───── DATA FOR THE TASK ─────
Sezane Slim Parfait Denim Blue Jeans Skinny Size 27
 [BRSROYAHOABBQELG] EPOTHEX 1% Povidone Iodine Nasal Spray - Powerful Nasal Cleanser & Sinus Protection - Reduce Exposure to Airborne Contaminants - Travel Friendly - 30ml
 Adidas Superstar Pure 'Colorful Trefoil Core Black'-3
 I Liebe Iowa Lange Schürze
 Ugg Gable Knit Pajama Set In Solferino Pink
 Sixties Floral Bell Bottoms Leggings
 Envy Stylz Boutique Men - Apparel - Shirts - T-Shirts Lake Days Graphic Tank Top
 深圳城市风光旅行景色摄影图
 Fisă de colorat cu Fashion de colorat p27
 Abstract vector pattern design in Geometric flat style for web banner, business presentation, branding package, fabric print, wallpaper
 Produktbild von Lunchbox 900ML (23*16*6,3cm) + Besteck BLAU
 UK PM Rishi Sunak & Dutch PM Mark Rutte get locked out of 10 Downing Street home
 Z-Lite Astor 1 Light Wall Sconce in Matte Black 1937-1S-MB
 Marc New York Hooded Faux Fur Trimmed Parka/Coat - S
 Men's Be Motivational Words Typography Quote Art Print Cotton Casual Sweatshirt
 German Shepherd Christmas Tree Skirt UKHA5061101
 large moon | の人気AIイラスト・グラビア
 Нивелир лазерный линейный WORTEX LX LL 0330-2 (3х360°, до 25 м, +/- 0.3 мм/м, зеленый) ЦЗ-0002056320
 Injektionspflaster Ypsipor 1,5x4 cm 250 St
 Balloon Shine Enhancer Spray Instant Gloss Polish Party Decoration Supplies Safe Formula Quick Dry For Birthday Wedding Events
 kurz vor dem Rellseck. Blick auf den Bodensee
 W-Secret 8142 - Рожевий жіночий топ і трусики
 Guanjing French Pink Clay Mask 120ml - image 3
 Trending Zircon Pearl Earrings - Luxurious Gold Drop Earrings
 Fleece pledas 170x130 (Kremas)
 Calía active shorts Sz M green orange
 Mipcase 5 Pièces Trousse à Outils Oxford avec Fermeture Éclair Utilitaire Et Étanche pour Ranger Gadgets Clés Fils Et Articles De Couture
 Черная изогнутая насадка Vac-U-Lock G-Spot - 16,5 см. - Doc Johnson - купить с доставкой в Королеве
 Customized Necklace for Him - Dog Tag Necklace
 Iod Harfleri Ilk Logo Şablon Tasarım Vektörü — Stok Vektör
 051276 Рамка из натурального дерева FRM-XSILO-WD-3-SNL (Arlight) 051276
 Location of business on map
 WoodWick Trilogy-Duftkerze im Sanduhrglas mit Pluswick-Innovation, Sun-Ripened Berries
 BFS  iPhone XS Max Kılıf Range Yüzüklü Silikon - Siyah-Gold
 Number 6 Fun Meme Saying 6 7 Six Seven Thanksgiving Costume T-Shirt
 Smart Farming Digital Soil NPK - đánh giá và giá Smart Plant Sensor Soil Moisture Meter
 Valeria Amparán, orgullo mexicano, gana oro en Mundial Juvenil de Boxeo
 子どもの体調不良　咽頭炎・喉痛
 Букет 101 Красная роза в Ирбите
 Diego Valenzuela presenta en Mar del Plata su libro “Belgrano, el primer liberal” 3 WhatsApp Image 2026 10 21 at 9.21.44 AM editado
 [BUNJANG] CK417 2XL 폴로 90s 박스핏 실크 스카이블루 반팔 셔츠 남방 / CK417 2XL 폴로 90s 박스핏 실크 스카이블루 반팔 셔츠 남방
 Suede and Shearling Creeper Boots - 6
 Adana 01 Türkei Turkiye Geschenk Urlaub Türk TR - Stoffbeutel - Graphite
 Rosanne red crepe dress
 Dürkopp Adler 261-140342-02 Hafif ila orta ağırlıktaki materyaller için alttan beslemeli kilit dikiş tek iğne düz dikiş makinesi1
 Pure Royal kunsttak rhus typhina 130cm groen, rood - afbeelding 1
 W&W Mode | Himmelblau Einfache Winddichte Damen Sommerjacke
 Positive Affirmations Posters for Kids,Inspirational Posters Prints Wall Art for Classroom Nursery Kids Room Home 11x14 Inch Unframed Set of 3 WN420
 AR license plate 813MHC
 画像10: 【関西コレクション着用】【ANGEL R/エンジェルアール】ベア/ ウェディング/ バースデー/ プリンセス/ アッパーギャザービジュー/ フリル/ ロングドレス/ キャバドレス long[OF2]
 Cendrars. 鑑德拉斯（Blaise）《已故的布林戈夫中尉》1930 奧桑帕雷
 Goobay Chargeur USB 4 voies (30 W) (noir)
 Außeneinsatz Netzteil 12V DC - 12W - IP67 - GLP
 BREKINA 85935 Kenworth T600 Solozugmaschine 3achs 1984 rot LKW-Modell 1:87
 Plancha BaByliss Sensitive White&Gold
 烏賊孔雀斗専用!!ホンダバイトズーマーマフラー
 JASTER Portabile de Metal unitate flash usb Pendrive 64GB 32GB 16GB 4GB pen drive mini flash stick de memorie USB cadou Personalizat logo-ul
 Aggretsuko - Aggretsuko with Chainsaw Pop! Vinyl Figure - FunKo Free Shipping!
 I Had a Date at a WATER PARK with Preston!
─────
◆ **ABOUT THIS TASK**
The data should be transcribed exactly, line for line.

◆ **RESULT BELOW**
Sezane Slim Parfait Denim Blue Jeans Skinny Size 27
 [BRSROYAHOABBQELG] EPOTHEX 1% Povidone Iodine Nasal Spray - Powerful Nasal Cleanser & Sinus Protection - Reduce Exposure to Airborne Contaminants - Travel Friendly - 30ml
 Adidas Superstar Pure 'Colorful Trefoil Core Black'-3
 I Liebe Iowa Lange Schürze
 Ugg Gable Knit Pajama Set In Solferino Pink
 Sixties Floral Bell Bottoms Leggings
 Envy Stylz Boutique Men - Apparel - Shirts - T-Shirts Lake Days Graphic Tank Top
 深圳城市风光旅行景色摄影图
 Fisă de colorat cu Fashion de colorat p27
 Abstract vector pattern design in Geometric flat style for web banner, business presentation, branding package, fabric print, wallpaper
 Produktbild von Lunchbox 900ML (23*16*6,3cm) + Besteck BLAU
 UK PM Rishi Sunak & Dutch PM Mark Rutte get locked out of 10 Downing Street home
 Z-Lite Astor 1 Light Wall Sconce in Matte Black 1937-1S-MB
 Marc New York Hooded Faux Fur Trimmed Parka/Coat - S
 Men's Be Motivational Words Typography Quote Art Print Cotton Casual Sweatshirt
 German Shepherd Christmas Tree Skirt UKHA5061101
 large moon | の人気AIイラスト・グラビア
 Нивелир лазерный линейный WORTEX LX LL 0330-2 (3х360°, до 25 м, +/- 0.3 мм/м, зеленый) ЦЗ-0002056320
 Injektionspflaster Ypsipor 1,5x4 cm 250 St
 Balloon Shine Enhancer Spray Instant Gloss Polish Party Decoration Supplies Safe Formula Quick Dry For Birthday Wedding Events
 kurz vor dem Rellseck. Blick auf den Bodensee
 W-Secret 8142 - Рожевий жіночий топ і трусики
 Guanjing French Pink Clay Mask 120ml - image 3
 Trending Zircon Pearl Earrings - Luxurious Gold Drop Earrings
 Fleece pledas 170x130 (Kremas)
 Calía active shorts Sz M green orange
 Mipcase 5 Pièces Trousse à Outils Oxford avec Fermeture Éclair Utilitaire Et Étanche pour Ranger Gadgets Clés Fils Et Articles De Couture
 Черная изогнутая насадка Vac-U-Lock G-Spot - 16,5 см. - Doc Johnson - купить с доставкой в Королеве
 Customized Necklace for Him - Dog Tag Necklace
 Iod Harfleri Ilk Logo Şablon Tasarım Vektörü — Stok Vektör
 051276 Рамка из натурального дерева FRM-XSILO-WD-3-SNL (Arlight) 051276
 Location of business on map
 WoodWick Trilogy-Duftkerze im Sanduhrglas mit Pluswick-Innovation, Sun-Ripened Berries
 BFS  iPhone XS Max Kılıf Range Yüzüklü Silikon - Siyah-Gold
 Number 6 Fun Meme Saying 6 7 Six Seven Thanksgiving Costume T-Shirt
 Smart Farming Digital Soil NPK - đánh giá và giá Smart Plant Sensor Soil Moisture Meter
 Valeria Amparán, orgullo mexicano, gana oro en Mundial Juvenil de Boxeo
 子どもの体調不良　咽頭炎・喉痛
 Букет 101 Красная роза в Ирбите
 Diego Valenzuela presenta en Mar del Plata su libro “Belgrano, el primer liberal” 3 WhatsApp Image 2026 10 21 at 9.21.44 AM editado
 [BUNJANG] CK417 2XL 폴로 90s 박스핏 실크 스카이블루 반팔 셔츠 남방 / CK417 2XL 폴로 90s 박스핏 실크 스카이블루 반팔 셔츠 남방
 Suede and Shearling Creeper Boots - 6
 Adana 01 Türkei Turkiye Geschenk Urlaub Türk TR - Stoffbeutel - Graphite
 Rosanne red crepe dress
 Dürkopp Adler 261-140342-02 Hafif ila orta ağırlıktaki materyaller için alttan beslemeli kilit dikiş tek iğne düz dikiş makinesi1
 Pure Royal kunsttak rhus typhina 130cm groen, rood - afbeelding 1
 W&W Mode | Himmelblau Einfache Winddichte Damen Sommerjacke
 Positive Affirmations Posters for Kids,Inspirational Posters Prints Wall Art for Classroom Nursery Kids Room Home 11x14 Inch Unframed Set of 3 WN420
 AR license plate 813MHC
 画像10: 【関西コレクション着用】【ANGEL R/エンジェルアール】ベア/ ウェディング/ バースデー/ プリンセス/ アッパーギャザービジュー/ フリル/ ロングドレス/ キャバドレス long[OF2]
 Cendrars. 鑑德拉斯（Blaise）《已故的布林戈夫中尉》1930 奧桑帕雷
 Goobay Chargeur USB 4 voies (30 W) (noir)
 Außeneinsatz Netzteil 12V DC - 12W - IP67 - GLP
 BREKINA 85935 Kenworth T600 Solozugmaschine 3achs 1984 rot LKW-Modell 1:87
 Plancha BaByliss Sensitive White&Gold
 烏賊孔雀斗専用!!ホンダバイトズーマーマフラー
 JASTER Portabile de Metal unitate flash usb Pendrive 64GB 32GB 16GB 4GB pen drive mini flash stick de memorie USB cadou Personalizat logo-ul
 Aggretsuko - Aggretsuko with Chainsaw Pop! Vinyl Figure - FunKo Free Shipping!
 I Had a Date at a WATER PARK with Preston!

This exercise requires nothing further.